I have a work-station with three 7970Ghz Tahitis on which OpenCL simulations (self-written) run. After weeks without problems for simulation #1 now for simulation # 2 (most parts are identical, but #2 has several extensions) this night a Blue Screen of Death has occurred. I restarted today, and after ~ 9 hours I noticed that both programs run concurrently on the first Tahiti were hung-up (at the same time). GPU-Z showed no GPU activitiy for that Tahiti, not even any memory allocated on the device, so it appears there was a complete OpenCL driver disconnection. The other two Tahitis were running fine. The hung-up did not occur at the same calculation stage as the overnight BSOD.

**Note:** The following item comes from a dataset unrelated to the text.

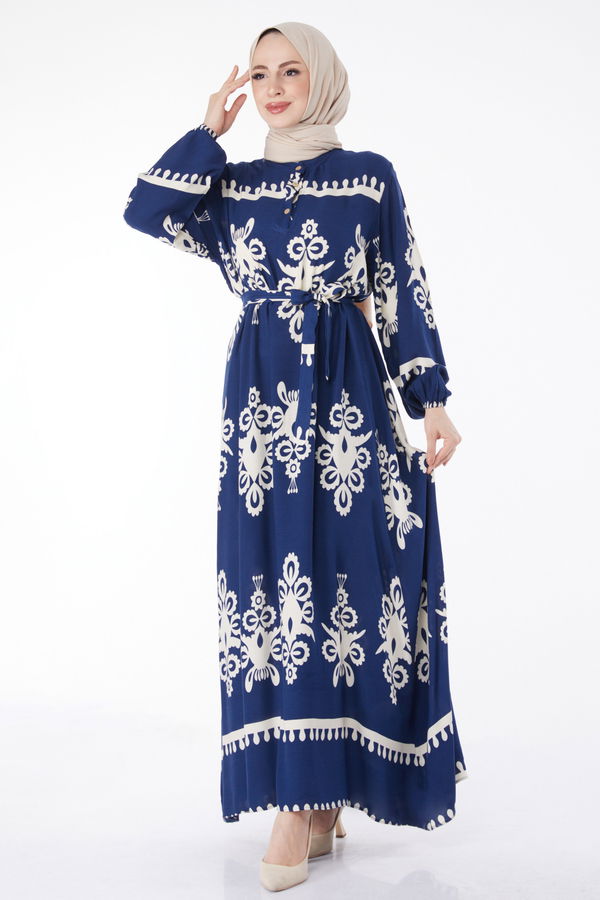 Desenli Renkli Elbise Lacivert - 24989 LACİVERT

OS is Windows 7 64-bit Professional, on each Tahiti two simulations (exactly the same OpenCL code and host binary) were run concurrently. Each simulation uses several command-queues for interlaced data transfer and kernel invocations (called from a single host thread though). Driver is Catalyst 13.9 -> deliberately, because that was working for all tests conducted and hence no upgrade to a newer driver version has ever been tried out. Simulation # 2 has been running fine for weeks last year (in nearly identical OpenCLcode manner, however the input was completely different - much larger and hence e.g. between kernel invocations much more time passed by).

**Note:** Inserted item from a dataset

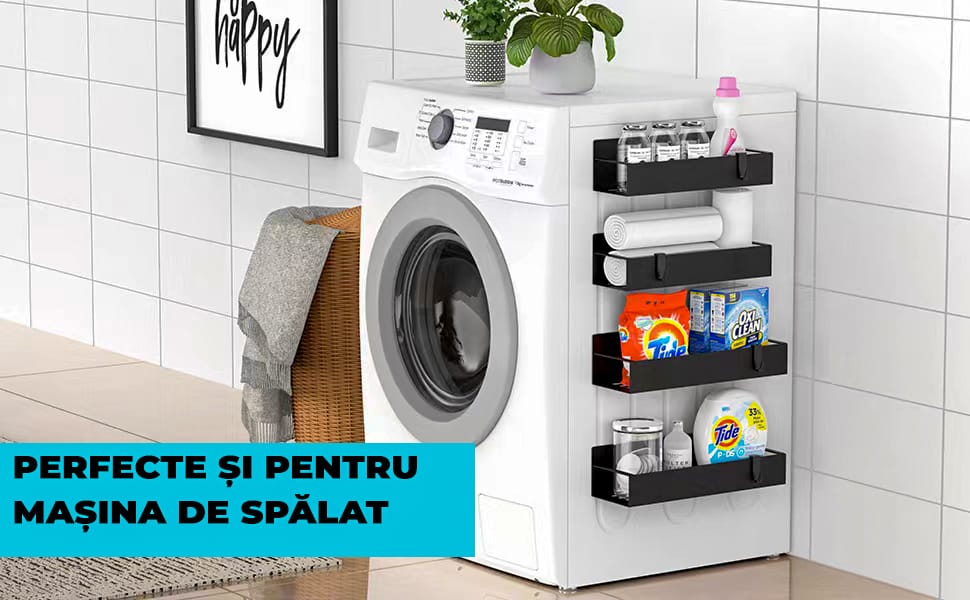 Set 4 rafturi magnetice organizatoare, depozitare condimente, frigider, negru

Any ideas what is most likely the root of the problem, i.e. hardware defect, driver problem, or ev. an issue in my program that could cause this? Any specific hints for further testing?
In case the driver might be it, any information on a particularly stable OpenCL driver version released since? If I dare a driver upgrade, would it be possible to _completely_ unroll to 13.9, i.e. remove absolutely everything from a newer driver version tried out?
I cannot disclose the code here, sorry.